The program was written by [Oskar](#) and I repurposed the RISC-V testbench to run and validate the code.

## Mistakes I Made

When developing the top level module for the formative Lab, which directly lent itself to this coursework, I assumed that everyone was done with their commits, so I failed to pull the remote repo prior to starting the work. This came up the next day when I debugged the processor using the testbench and it did not display the behaviour as expected. I took this onboard for the actual coursework.

When developing the testbench to demonstrate that it was working as intended, I realised that I needed to write device agnostic code, a technique I have learnt whilst machine learning. The issue I was coming up against was that the testbench for the overall processor was trying to use the Vbuddy in the GitHub action as well, which was causing an error, so I need to add some conditions to let the testbench know to avoid the Vbuddy relevant code when it was not connected. See commit [e7ef215](#) for full details.

## Key Design Decisions

As I was working on the testbench, a lot of the key design decisions lied with myself. As this was the case, I took the decision that we should construct several mid-level modules that grouped together relevant modules in order to allow for us to replace major components simply, rather than having to unpick all the connections to replace basic modules such as a MUX. It also allowed use to narrow our search area when correcting bugs with the overall processor.

As requested in the Project Statement, I also decided a coding style for us to use in our modules, which is listed in the [project\\_overview.md](#) file. See the [commit](#).

I also decided to suffix files with "\_deprecated" and then proceeded to move these files into a folder, in case their contents may be required later on.

I had to decide which modules made sense to be grouped together, along with their relevant designers, and this also worked in reverse, for example, choosing to break up the regfile from the alu as they were together in the formative lab. See the following commits:

[Choosing to group PC with relevant mux and reg.](#)

Separated the data\_mem module and the 4-1, 2-bit select multiplexer, deprecating the [full\\_data\\_mem](#) module. This was done to ease the implementation of pipelining in future. See the commit [here](#).

Corrected the muxes being labelled wrong and serving the wrong purposes. See [here](#).

After completion of the single-cycle CPU, I wrote testbenches for the smaller components that we didn't see it as necessary for originally, for the sake of cohesive testing, and then furthered the functionality of Oskar's Python script to allow for some CI/CD like functionality, utilising GitHub Actions.
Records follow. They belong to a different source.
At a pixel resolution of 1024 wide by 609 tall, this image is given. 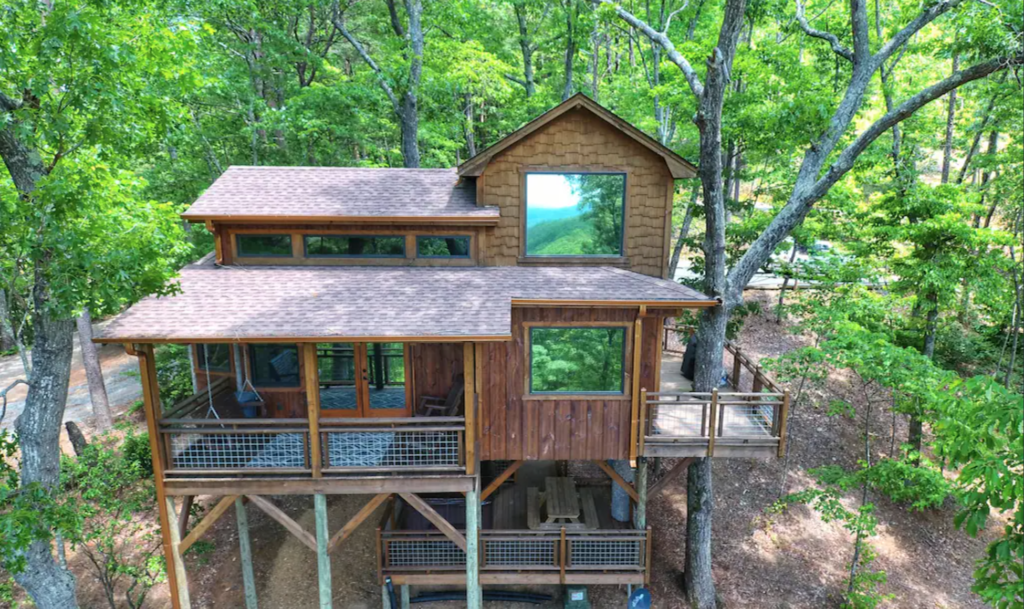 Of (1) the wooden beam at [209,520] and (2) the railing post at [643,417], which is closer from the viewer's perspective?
(1) the wooden beam at [209,520]

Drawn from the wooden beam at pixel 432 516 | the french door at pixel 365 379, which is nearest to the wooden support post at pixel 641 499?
the wooden beam at pixel 432 516

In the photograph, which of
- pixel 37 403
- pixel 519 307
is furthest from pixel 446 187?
pixel 37 403

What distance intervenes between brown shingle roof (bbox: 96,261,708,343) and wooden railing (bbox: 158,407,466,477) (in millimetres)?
1470

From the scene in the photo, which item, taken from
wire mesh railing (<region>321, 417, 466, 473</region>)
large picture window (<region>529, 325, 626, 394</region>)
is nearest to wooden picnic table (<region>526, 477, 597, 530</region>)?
large picture window (<region>529, 325, 626, 394</region>)

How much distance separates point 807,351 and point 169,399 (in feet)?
53.5

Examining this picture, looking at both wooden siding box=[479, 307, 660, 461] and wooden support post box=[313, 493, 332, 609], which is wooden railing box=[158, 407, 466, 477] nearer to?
wooden support post box=[313, 493, 332, 609]

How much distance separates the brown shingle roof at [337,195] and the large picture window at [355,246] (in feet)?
1.98

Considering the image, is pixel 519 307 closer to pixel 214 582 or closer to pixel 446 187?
pixel 446 187

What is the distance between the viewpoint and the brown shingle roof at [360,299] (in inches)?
289

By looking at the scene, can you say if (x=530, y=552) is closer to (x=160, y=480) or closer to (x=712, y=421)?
(x=712, y=421)

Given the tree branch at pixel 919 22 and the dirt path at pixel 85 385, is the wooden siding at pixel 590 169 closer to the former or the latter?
the tree branch at pixel 919 22

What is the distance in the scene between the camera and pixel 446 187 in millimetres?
10812

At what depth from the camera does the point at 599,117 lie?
958cm

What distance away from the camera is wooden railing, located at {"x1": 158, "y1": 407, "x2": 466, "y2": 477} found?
313 inches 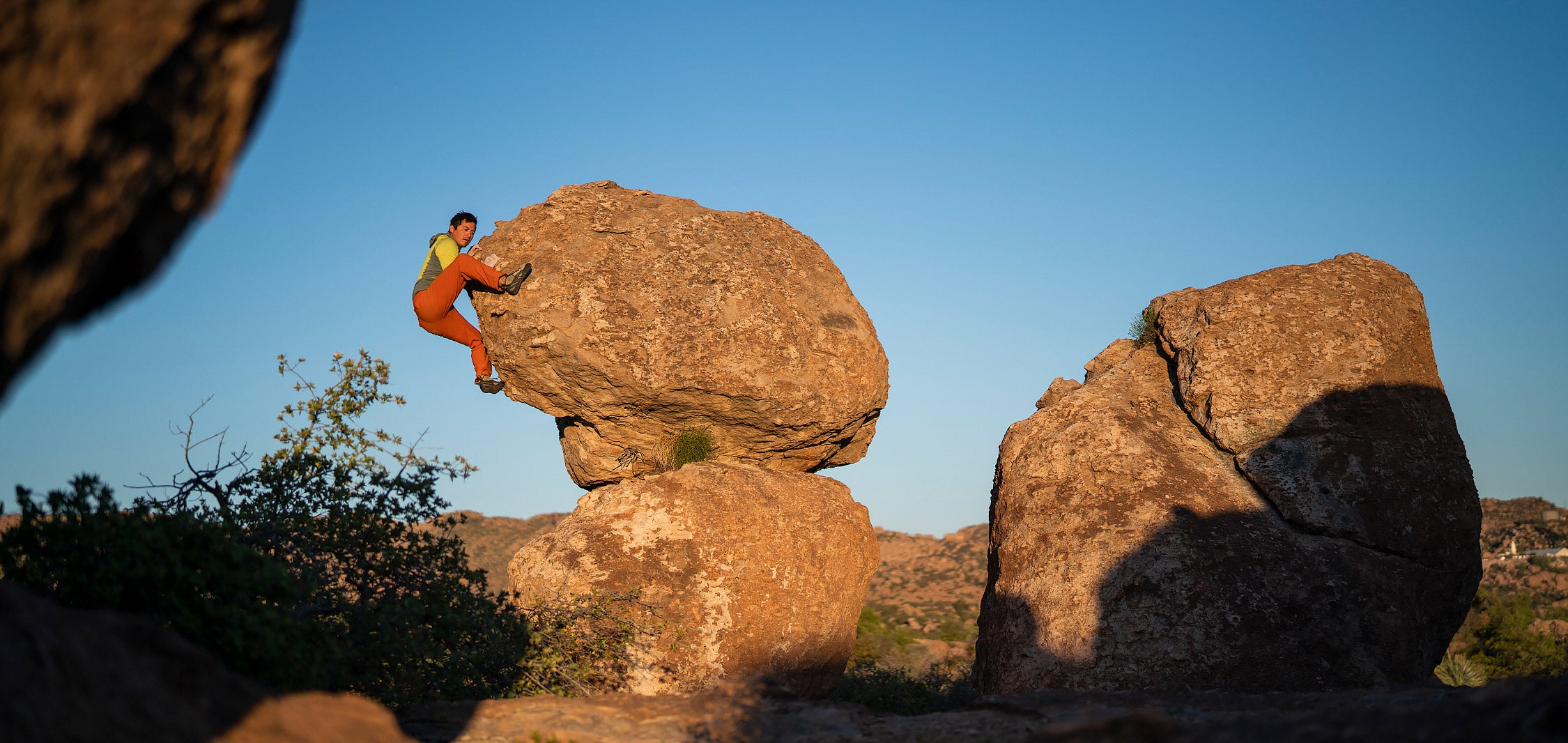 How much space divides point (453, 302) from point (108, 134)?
8.37m

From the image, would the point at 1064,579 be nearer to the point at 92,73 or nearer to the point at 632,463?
the point at 632,463

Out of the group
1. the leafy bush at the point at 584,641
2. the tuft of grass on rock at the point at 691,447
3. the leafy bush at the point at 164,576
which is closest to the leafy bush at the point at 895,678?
the leafy bush at the point at 584,641

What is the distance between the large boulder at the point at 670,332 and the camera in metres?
11.0

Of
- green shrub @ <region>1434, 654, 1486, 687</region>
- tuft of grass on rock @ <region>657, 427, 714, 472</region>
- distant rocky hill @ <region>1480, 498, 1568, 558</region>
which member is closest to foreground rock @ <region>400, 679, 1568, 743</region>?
tuft of grass on rock @ <region>657, 427, 714, 472</region>

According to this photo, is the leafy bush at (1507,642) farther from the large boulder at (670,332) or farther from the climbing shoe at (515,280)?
the climbing shoe at (515,280)

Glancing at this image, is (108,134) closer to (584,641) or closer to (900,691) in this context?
(584,641)

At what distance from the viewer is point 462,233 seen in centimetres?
1130

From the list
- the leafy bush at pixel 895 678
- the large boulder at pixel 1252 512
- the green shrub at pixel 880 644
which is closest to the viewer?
the large boulder at pixel 1252 512

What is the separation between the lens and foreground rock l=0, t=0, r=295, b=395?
2887 millimetres

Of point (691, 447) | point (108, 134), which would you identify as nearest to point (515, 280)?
point (691, 447)

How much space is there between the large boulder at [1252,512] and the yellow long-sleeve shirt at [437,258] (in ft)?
22.9

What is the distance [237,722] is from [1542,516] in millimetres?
46722

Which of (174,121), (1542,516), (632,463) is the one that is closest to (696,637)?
(632,463)

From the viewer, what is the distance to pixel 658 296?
1127 cm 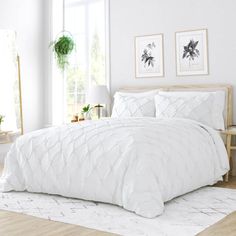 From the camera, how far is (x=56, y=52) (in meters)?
7.10

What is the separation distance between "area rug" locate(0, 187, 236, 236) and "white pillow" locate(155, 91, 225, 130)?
1010 mm

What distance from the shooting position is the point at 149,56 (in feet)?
20.7

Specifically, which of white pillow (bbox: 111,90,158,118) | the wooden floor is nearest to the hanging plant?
white pillow (bbox: 111,90,158,118)

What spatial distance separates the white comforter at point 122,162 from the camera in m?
3.73

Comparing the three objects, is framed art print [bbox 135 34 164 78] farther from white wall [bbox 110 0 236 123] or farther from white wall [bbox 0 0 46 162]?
white wall [bbox 0 0 46 162]

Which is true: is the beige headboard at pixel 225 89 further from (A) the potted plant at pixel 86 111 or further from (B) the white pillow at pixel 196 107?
(A) the potted plant at pixel 86 111

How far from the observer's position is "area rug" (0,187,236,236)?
323 centimetres

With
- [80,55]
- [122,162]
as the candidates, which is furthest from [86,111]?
[122,162]

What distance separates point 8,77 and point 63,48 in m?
0.92

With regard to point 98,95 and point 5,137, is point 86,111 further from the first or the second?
point 5,137

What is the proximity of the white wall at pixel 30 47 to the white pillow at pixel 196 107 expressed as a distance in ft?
7.78

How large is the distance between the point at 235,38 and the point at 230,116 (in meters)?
0.92

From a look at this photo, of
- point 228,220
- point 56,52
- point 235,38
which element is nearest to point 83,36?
point 56,52

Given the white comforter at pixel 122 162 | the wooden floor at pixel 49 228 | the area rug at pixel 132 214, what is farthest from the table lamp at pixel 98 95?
the wooden floor at pixel 49 228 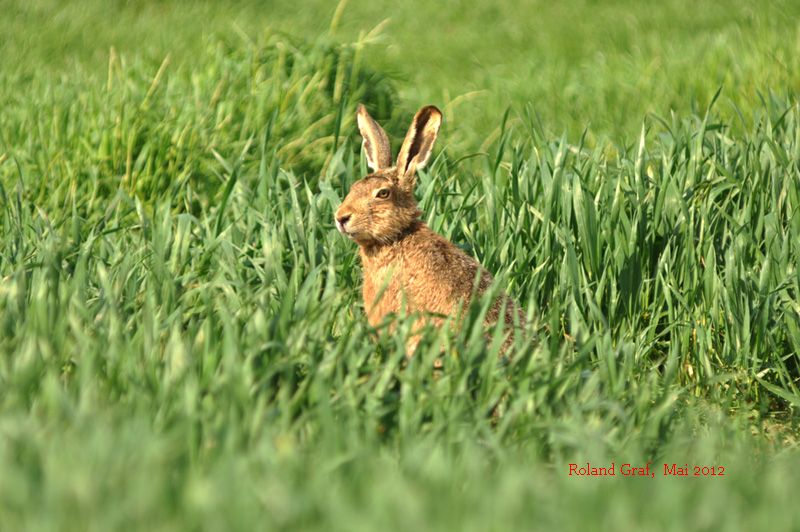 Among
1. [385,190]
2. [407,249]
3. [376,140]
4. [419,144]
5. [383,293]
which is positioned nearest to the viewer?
[383,293]

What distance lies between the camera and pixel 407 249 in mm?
4457

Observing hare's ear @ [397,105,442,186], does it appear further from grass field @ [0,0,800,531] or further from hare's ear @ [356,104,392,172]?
grass field @ [0,0,800,531]

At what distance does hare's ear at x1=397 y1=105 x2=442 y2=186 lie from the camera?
15.4 feet

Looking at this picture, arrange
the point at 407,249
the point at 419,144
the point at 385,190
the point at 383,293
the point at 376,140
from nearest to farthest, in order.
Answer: the point at 383,293 < the point at 407,249 < the point at 385,190 < the point at 419,144 < the point at 376,140

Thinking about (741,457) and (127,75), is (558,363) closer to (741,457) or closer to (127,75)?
(741,457)

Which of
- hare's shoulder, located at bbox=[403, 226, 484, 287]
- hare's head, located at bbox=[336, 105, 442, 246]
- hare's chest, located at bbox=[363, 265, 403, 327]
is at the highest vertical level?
hare's head, located at bbox=[336, 105, 442, 246]

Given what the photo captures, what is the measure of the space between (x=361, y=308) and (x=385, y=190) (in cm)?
55

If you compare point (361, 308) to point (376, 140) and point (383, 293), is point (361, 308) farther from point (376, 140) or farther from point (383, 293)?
point (376, 140)

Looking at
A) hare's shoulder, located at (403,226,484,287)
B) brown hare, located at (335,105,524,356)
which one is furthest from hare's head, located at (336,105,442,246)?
hare's shoulder, located at (403,226,484,287)

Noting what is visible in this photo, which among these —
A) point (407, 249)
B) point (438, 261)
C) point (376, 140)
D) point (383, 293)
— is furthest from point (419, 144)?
point (383, 293)

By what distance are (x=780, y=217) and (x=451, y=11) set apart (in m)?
9.40

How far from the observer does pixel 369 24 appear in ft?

This took

significant experimentation and learning, as well as waiting for Verilator to build several times. I had upwards of 30 commits on this section alone to test build on push!

I learnt about **caching and artifacting**, both methods with which I thought I could carry the Verilator install/binaries across workflow runs, but both of these ideas fell flat and resulted in what is an even more of an industry-standard approach; I then ended up using the **Docker image of Verilator** to build and run the code in a closed environment, ideal for guaranteeing thorough testing. See the actions demonstrating bug highlighting [failures](#) and [successful running](#).

## Reflection

Ensure to co-ordinate a coding style from an early stage, otherwise a lot of monotonous reformatting is required - changing from UpperCamelCase to lower\_snake\_case takes a lot of effort.

Construct the Continuous Integration workflow using GitHub Actions from earlier in the project, as I only made it after we finished the single-cycle design, so we couldn't use it's full capability from the beginning. Write a more cohesive Python Script and maybe consider experimenting with CocoTB.

More specifically to myself, I rushed myself along dependent on my teammates progressing quickly, which led to make a few more errors when constructing the top file like such. This could be prevented by making the schema earlier in the process, aka prior to starting coding it out. See this commit for the [error I made](#).

Overall, I very much enjoyed this coursework and project, as even more so than last year's group project, I felt as if we were free to do with the processor as we pleased, which allowed me to explore outside the brief, such as with my development of YAML script and integrating that into a GitHub Action, providing us with a quick and easy method with which to test our processor and it's functionality, ensuring that the existing processor would continue to work even as we developed more modules for it.